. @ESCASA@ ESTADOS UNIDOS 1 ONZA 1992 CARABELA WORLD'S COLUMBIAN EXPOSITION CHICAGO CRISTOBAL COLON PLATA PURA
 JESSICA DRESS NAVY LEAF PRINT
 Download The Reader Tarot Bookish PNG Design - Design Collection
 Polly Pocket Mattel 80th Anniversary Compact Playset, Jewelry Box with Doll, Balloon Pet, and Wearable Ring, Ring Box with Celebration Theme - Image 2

What the exercise asks »
Nothing but the lines from the one that contains "JESSICA DRESS NAVY LEAF PRINT" through the end of the listing above should be copied, each exactly as written.

Answer to this task »
 JESSICA DRESS NAVY LEAF PRINT
 Download The Reader Tarot Bookish PNG Design - Design Collection
 Polly Pocket Mattel 80th Anniversary Compact Playset, Jewelry Box with Doll, Balloon Pet, and Wearable Ring, Ring Box with Celebration Theme - Image 2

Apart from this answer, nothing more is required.